Lula atordoado, atacando Dilma. Dilma atordoada, atacando
delatores. Congresso atordoado, vaivém na redução da maioridade penal. E toma
mais provocação do Senado – aprovado o reajuste de 59% a 78% para os servidores
do Judiciário, com impacto de R$ 25,7 bilhões nos cofres públicos. Eduardo
Cunha e Renan Calheiros, os populistas cavaleiros do apocalipse, se unem por um
único credo: hay gobierno, soy contra. Veta, Dilma, veta.
Enquanto isso, a mãe dos pobres resolve economizar R$ 8
bilhões em cima do abono salarial, devido neste semestre a quem ganha até dois
salários mínimos. Devo, não nego, pago quando puder. Tudo pelo ajuste, para
fechar as contas em 2015. Injusto.
Continua a esquizofrenia do país duplo. De um lado, ferro na
iniciativa privada, desestímulo a quem quer abrir um negócio, burocracia
enlouquecedora, impostos altíssimos cobrados de quem produz e sem beneficiar o
povo. Do outro lado, benesses para servidores públicos, que já dispõem de
aposentadoria integral e vitalícia.
O que mais choca, no entanto, é a miséria de nossa Educação.

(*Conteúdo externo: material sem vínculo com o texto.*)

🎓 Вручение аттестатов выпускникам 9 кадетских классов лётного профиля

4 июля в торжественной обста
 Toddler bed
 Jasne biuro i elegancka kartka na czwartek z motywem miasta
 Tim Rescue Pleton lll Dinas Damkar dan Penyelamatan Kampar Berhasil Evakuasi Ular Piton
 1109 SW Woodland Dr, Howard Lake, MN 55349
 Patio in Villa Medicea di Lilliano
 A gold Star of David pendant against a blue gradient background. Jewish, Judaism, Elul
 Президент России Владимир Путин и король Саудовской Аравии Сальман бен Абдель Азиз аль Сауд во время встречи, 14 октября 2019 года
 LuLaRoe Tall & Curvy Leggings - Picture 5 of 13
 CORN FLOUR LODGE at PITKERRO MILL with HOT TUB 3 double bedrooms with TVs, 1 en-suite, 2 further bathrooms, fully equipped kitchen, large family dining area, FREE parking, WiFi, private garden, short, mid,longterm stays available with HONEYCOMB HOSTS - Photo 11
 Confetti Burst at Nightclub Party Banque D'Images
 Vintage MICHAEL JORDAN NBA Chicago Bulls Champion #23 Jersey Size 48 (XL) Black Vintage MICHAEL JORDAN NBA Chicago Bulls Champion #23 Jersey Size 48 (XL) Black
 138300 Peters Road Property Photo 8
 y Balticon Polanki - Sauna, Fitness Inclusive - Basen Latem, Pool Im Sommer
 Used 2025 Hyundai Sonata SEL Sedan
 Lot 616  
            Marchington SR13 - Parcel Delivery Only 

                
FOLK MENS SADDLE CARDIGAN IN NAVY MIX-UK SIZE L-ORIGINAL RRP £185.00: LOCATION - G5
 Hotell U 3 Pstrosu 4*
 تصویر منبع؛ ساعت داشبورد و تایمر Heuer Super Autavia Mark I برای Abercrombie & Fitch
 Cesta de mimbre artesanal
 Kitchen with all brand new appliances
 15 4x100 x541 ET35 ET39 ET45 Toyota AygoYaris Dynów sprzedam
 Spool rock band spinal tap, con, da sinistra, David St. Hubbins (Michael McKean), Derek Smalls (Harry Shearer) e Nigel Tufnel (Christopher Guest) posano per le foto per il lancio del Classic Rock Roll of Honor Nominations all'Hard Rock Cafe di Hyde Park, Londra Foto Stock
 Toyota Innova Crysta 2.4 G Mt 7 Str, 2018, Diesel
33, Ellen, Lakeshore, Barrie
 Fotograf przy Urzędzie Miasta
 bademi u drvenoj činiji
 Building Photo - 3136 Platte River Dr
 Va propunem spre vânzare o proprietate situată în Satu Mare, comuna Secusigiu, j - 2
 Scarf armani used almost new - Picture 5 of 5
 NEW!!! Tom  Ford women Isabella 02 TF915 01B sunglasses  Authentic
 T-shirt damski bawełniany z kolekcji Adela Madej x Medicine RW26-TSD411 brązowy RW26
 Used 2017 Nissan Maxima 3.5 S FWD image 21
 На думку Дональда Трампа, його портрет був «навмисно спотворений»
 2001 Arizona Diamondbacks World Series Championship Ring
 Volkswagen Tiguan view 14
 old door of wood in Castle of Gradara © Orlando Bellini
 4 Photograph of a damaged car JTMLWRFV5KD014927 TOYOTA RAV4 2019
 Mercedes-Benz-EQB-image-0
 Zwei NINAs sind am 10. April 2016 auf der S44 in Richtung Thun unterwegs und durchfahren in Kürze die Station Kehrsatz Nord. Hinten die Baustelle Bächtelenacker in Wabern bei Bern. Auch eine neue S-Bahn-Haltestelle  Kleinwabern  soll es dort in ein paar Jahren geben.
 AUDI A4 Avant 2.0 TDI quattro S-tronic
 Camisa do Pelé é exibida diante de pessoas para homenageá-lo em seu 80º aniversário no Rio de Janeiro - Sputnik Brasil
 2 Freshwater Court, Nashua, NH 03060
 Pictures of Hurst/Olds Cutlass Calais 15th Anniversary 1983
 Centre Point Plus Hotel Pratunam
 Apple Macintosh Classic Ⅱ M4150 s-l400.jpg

O relatório do Movimento Todos pela Educação é desolador. Mais de 2 milhões de
crianças ainda estão fora das escolas. Em regiões carentes, as escolas são
precárias, e o ensino de baixa qualidade. Entre 15 e 17 anos, 1,6 milhão
abandonam os estudos. Só 9,3% dos que concluem o ensino médio sabem matemática.
Só 27,2% dominam o português. Na outra ponta do ensino, a maior universidade
federal do país, a UFRJ, com greve e obras paradas por corte de verbas, ameaça
fechar em setembro, sem condições de pagar por limpeza, segurança, portaria.
Só confiarei num presidente que mude essa tragédia, de verdade.
Uma maciça parcela da população (e não é a elite) quer hoje pena de morte,
armas, ditadura e se lixa para direitos humanos. Também é resultado de falta de
Educação. Cair na real não precisa ser cair no abismo. Acorda, Brasil.